Ash scrolled down his screen before finally conceding that the answer wasn’t written there.
“Sorry, I won’t know until I read the files.”
Craig shook his head. “Don’t worry. Take a look but I doubt there’ll be anything there. Whoever dumped our body had to have done it in that vacant seventeen months in oh-six and oh-seven, but they probably had the sense to wear gloves.” He turned to Davy. “What date exactly was the basement filled in?”
Davy took back the floor, nodding his junior to return to his seat.
“Still working on that one, chief. I’ll get it to you as s...soon as I know. We know the hotel’s new floor coverings were laid during a fortnight in the August of oh-seven. I’m still nailing down the exact dates.” He gestured at the LED screen, once again displaying his arrowed diagram. “So from the Howard Tower Hotel opening in October oh-seven-” He stopped abruptly. “Look, would it be OK if we just called it The HTH in future? The Howard Tower Hotel’s a bit of a mouthful.”
Craig gave a small smile. “Sounds sensible.”
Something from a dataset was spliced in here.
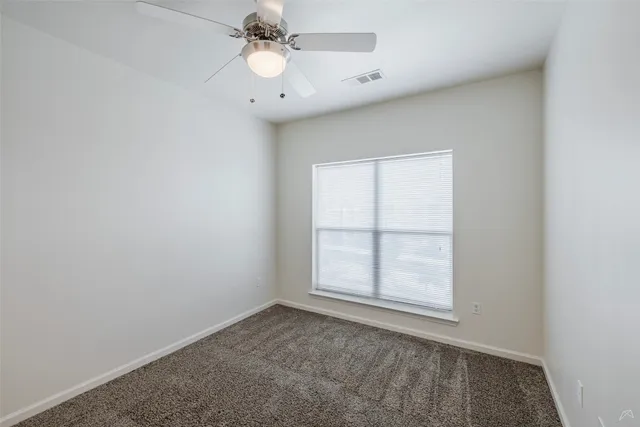 an empty room with wooden floor ceiling fan and window
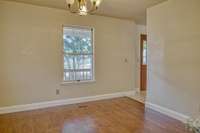 FORMAL DINING ROOM WITH NEW WOOD FLOORING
“Great. OK then, from its grand opening in October oh-seven until now, The HTH’s been occupied by guests and staff every day, and anyway, yesterday’s discussion about the flooded basement precludes the body having been left after it opened.”
For the benefit of the blank faces around him Craig explained their theory about the basement, finishing with, “Once Davy has liaised with structural engineering we’ll know the art of the possible on all that. When’s that happening, Davy?”
“I’ve a conference call with Queen’s this afternoon.”
“Good.”
Craig nodded him to take a seat and signalled Liam to drag the whiteboard to the front, leaving the deputy to explain the rectangular building and floor layers that they’d drawn the day before while he moved across to sit beside the analyst, whispering, “Anything on missing persons for that period?”
Davy shook his head and whispered back. “No-one reported missing since the millennium that fits with the body Doctor W…Winter found. There were thirteen women reported missing country-wide in those eighteen years, but ten were found, either alive or dead from natural causes, and the other three had serious addiction problems and their disappearances were believed to have been linked with that. But none of those were under thirty. S…Sorry, chief.”
They seemed to be hitting nothing but dead ends.
As Liam came to the end of his show and tell session, Craig took over again.
“OK, we now have a little bit of information on our victim. Doctor Winter believes that it was a young woman, late teens to early twenties, of petite build. Her height is put at around five foot and she had a small frame. Doctor Marsham’s team found strands of dark hair and red fibres near the body, but we can’t yet know whether they are linked.”
He glanced at the clock. It was after eleven.
“Right, let’s leave it there. It’s very early days and we have a lot of questions yet to be answered, so everyone get on with whatever they’re doing and we’ll brief again this evening at six, when we should have a slightly better idea of things. Doctor Winter seems convinced that our victim died around the time the hotel was built but once we have our dental opinion we’ll know more, and know for certain whether this is our case or belongs to the HRS. My feeling is that we’re likely to be in the frame.”
As the group trekked back to their desks, Liam sidled across.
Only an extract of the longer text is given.